Provided data
[Start of section]

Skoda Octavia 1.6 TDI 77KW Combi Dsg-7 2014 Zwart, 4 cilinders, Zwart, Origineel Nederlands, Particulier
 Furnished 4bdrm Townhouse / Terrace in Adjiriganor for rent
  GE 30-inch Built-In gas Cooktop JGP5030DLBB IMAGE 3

[End of section]

Aim of the task
Write out the whole listing above once more, exactly.

Result of the task
Skoda Octavia 1.6 TDI 77KW Combi Dsg-7 2014 Zwart, 4 cilinders, Zwart, Origineel Nederlands, Particulier
 Furnished 4bdrm Townhouse / Terrace in Adjiriganor for rent
  GE 30-inch Built-In gas Cooktop JGP5030DLBB IMAGE 3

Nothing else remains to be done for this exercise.